If implemented (or if someone decides to be an early adopter and adds it to an engine), and your engine
has this, code might be able to bypass the Compartment
's module map. For safety, the Agoric SES shim already
rejects code that looks like it uses this feature. The regular expression for this pattern can be
confused into falsely rejecting legitimate code. For example, the word “import” at the end of a line
in a comment, such as:
//
// This function calculates the import
// duties paid on the merchandise..
//
The regexp confuses the above with something like the following, and rejects it:
foo = bar(argument);
sneaky = import
// tricky comment to obscure function invocation
(modulename);
There are also problems when “import” is near a parenthesis inside a comment.
# Direct vs. indirect eval expressions
A direct eval, invoked as eval(code)
, behaves as if code
were expanded in place. The
evaluated code sees the same scope as the eval
itself sees, so this code
can reference x
:
function foo(code) {
const x = 1;
eval(code);
}
If you perform a direct eval, you cannot hide your internal authorities from the code being evaluated.

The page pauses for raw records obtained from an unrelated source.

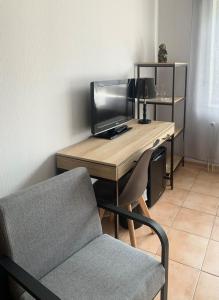 TV a/nebo společenská místnost v ubytování Hotel Borchers + 36 fotografií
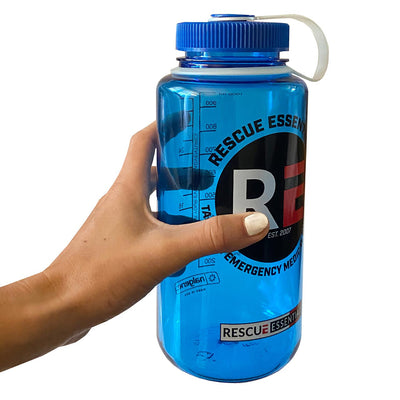 Rescue Essentials Wide Mouth Nalgene Bottle, blue and white lid, in hand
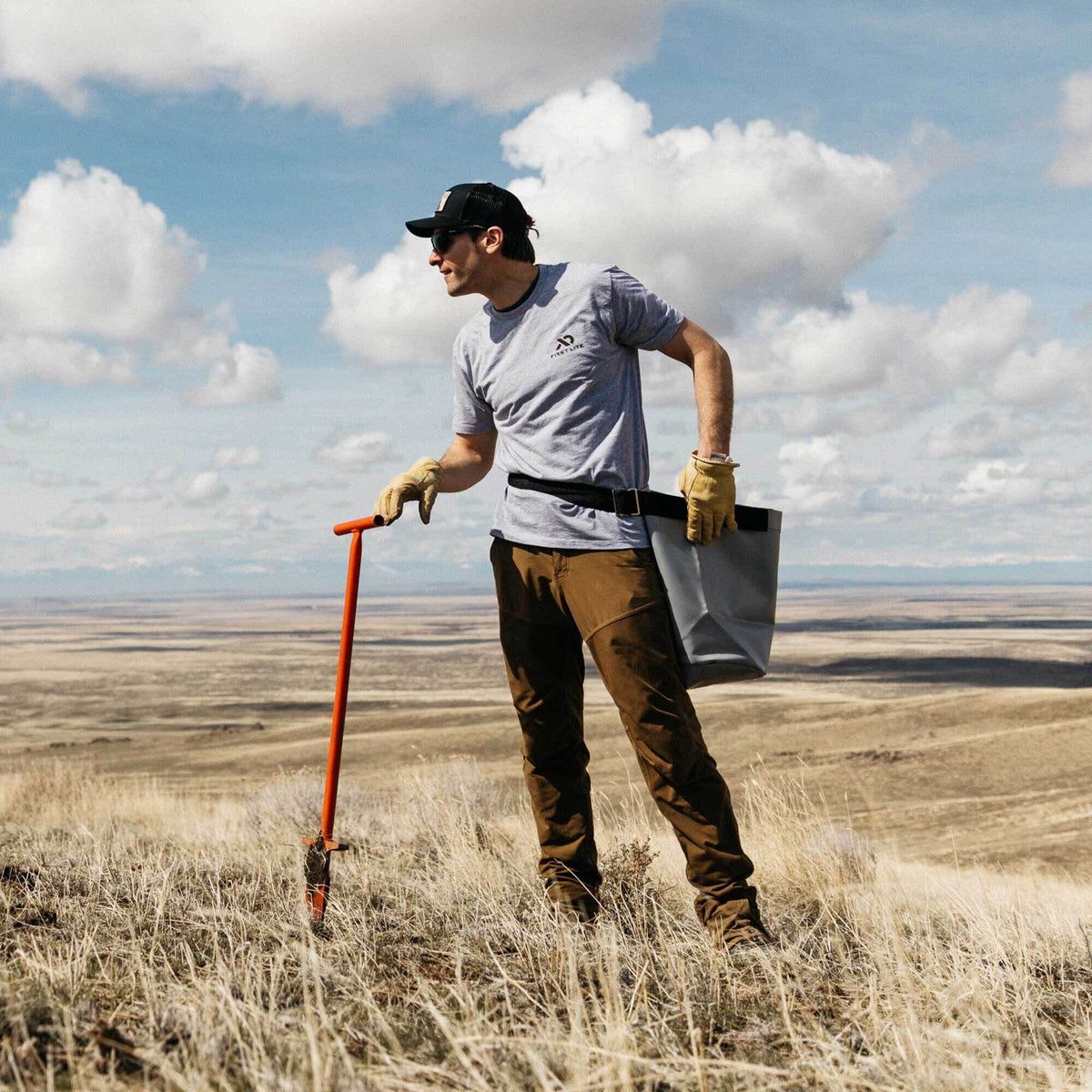 Man holding an orange L-shaped dibble bar and wearing a grey harvesting bag on a black belt around his waist.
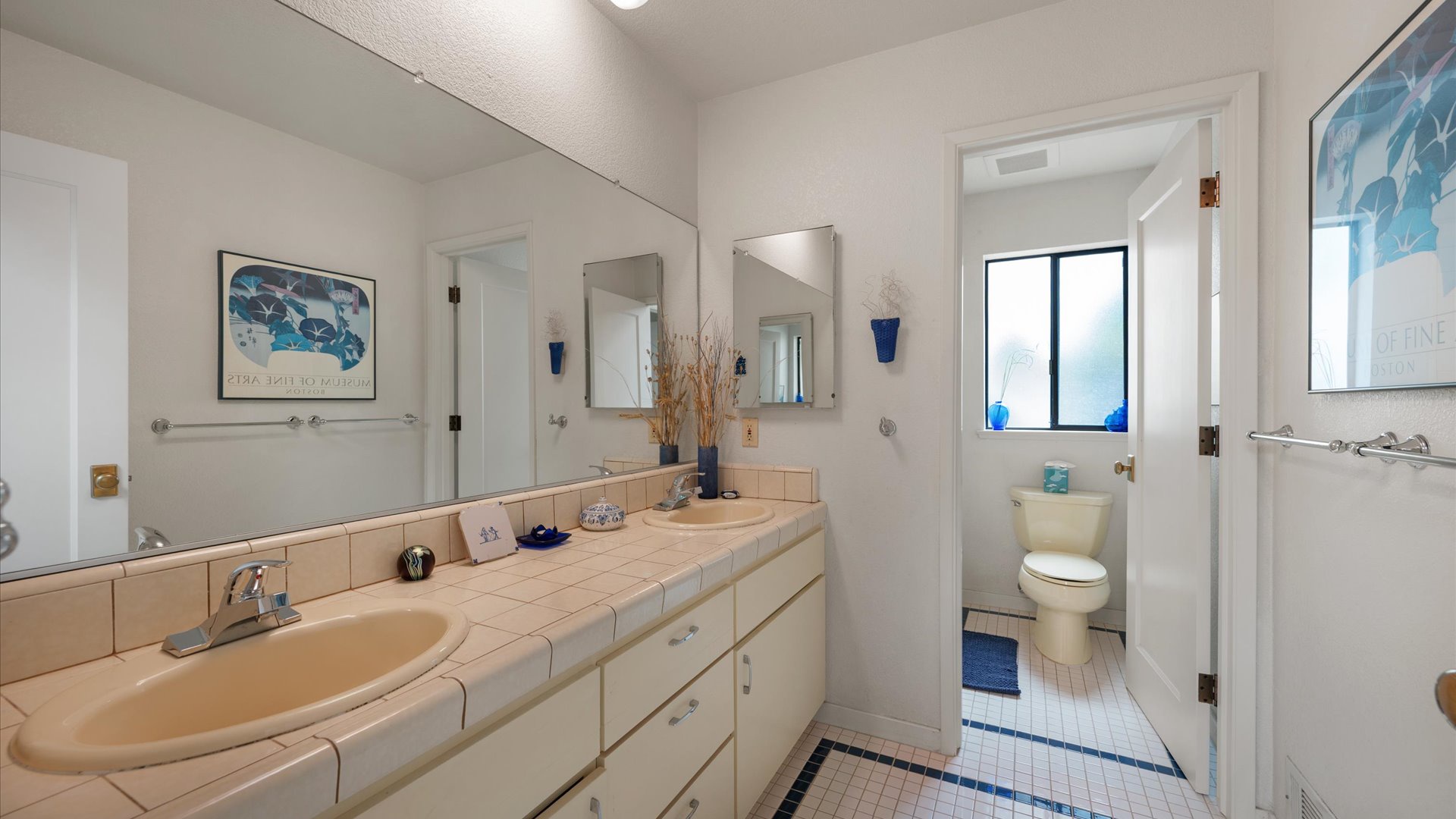 Hall Bath is shared between the second and third bedrooms with a combination shower/tub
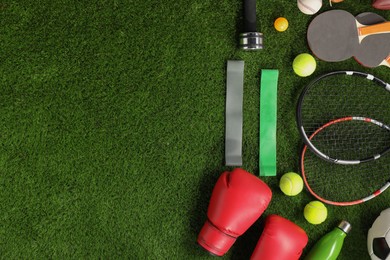 Photo of Different sport equipment on artificial grass, flat lay. Space for text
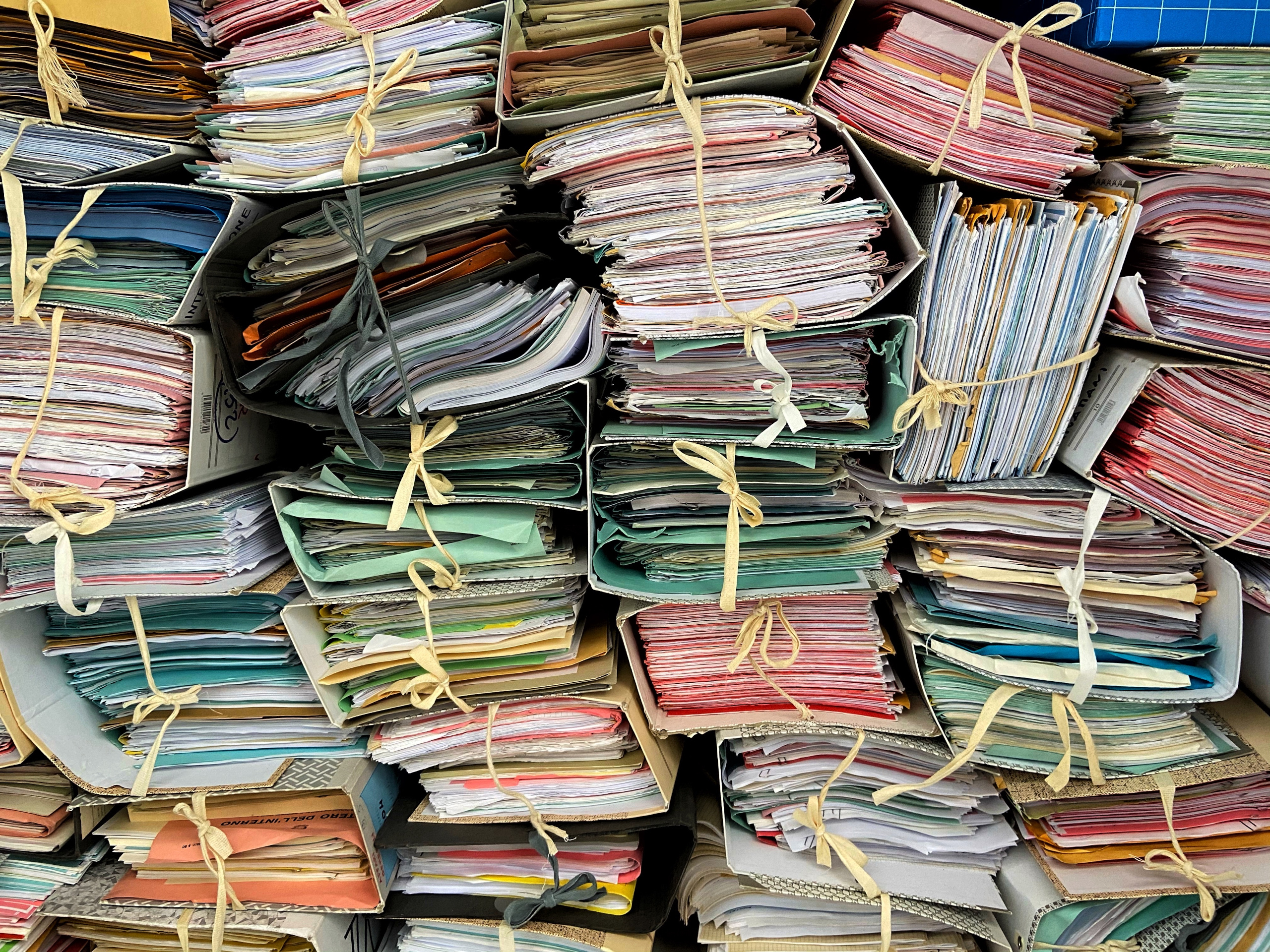Image of old paperwork filing system signifying outdated systems: The YouRecruit recruitment agency timesheet software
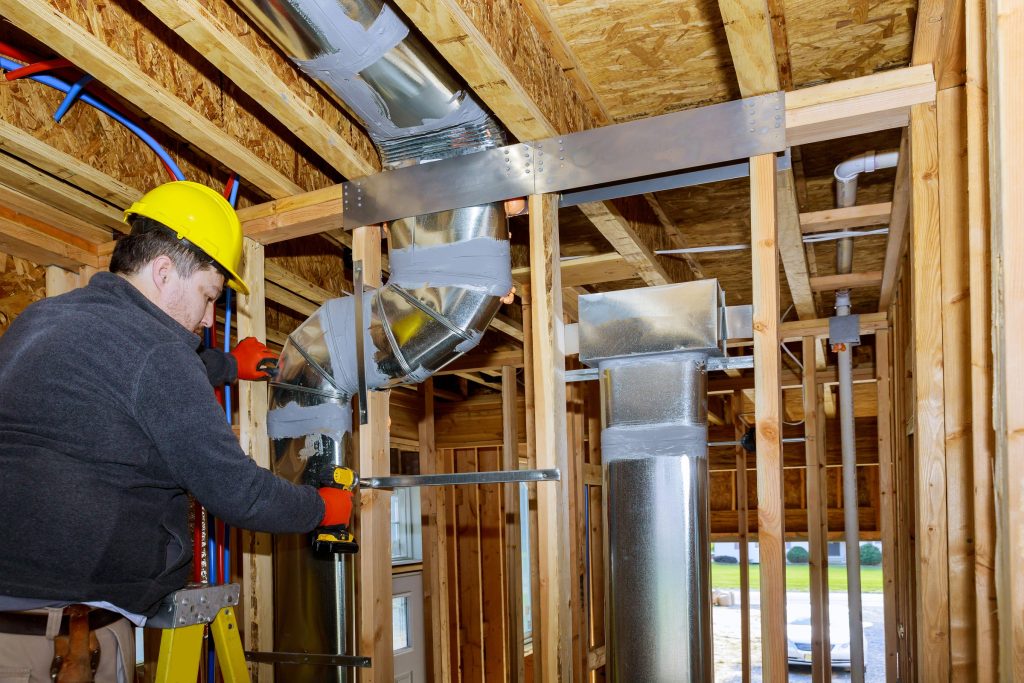 worker fixing ductwork
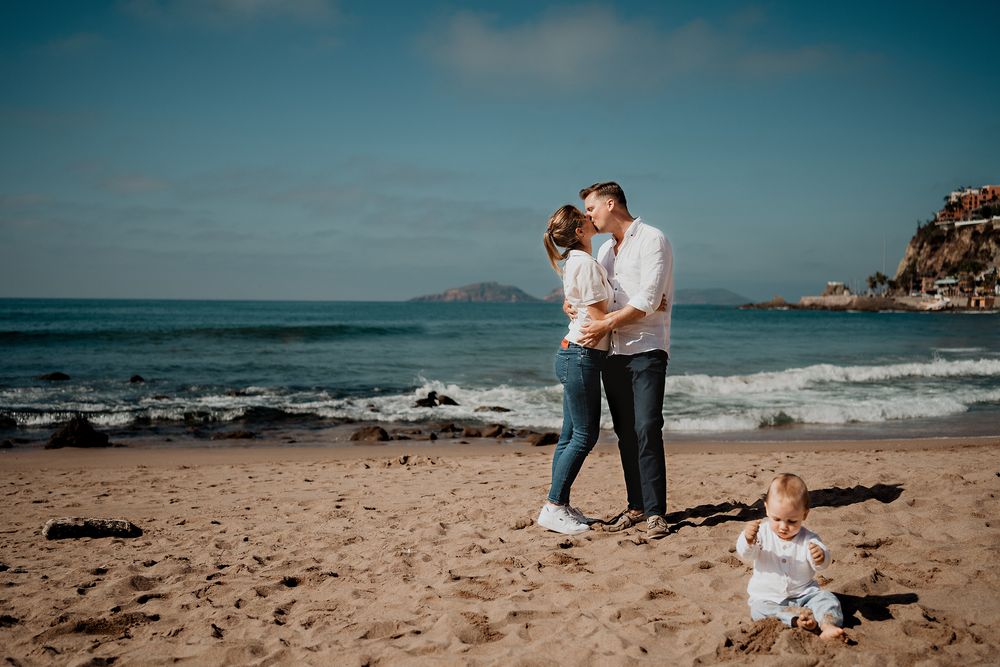 Padres besándose mientras el bebé juega con la arena (photographer in Mazatlán)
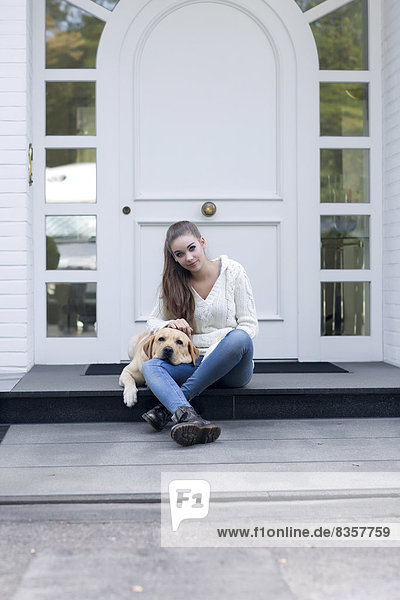 Teenage girl with dog sitting in front of an entry door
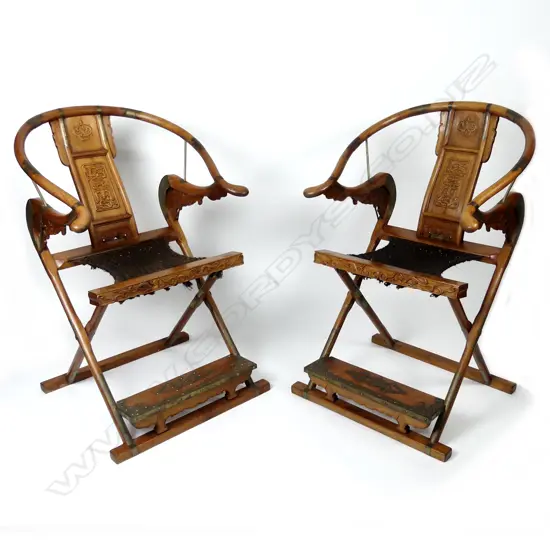 A pair of Chinese hardwood horseshoe-back folding armchairs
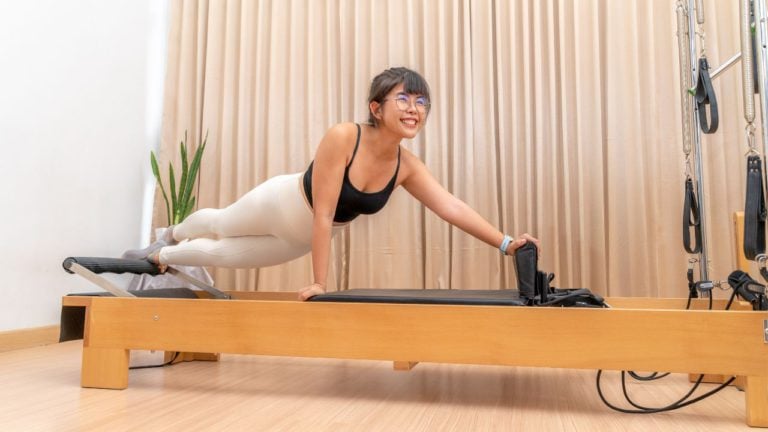 Pilates student on pilates reformer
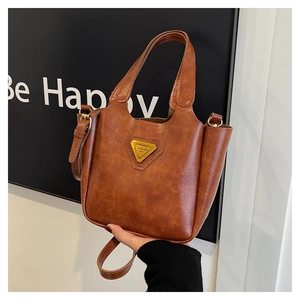 Close-up of brown textured leather handbag with gold triangular logo and dual handles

In contrast, an indirect eval only gets the global scope, not the local scope. In a safe SES environment, indirect eval is a useful and common tool. The evaluated code can only access global objects, and those are all safe (and frozen). The only bad thing an indirect eval can do is consume unbounded CPU or memory. Once you've evaluated the code, you can invoke it with arguments to give it as many or as few authorities as you like.
The most common way to invoke an indirect eval is (1,eval)(code)
.
The Agoric SES shim cannot correctly emulate a direct eval. If it tried, it would perform an indirect eval. This could be pretty confusing, because the code might not actually use objects from the local scope. You might not notice the problem until some later change altered the behavior.
To avoid this confusion, the shim uses a regular expression to reject code that looks like it is performing a direct eval. This regexp is not complete (you can trick it into performing a direct eval anyway), but that’s safe. Our goal is just to guide people away from confusing behaviors early in their development process.
This regexp falsely rejects occurrences inside static strings and comments.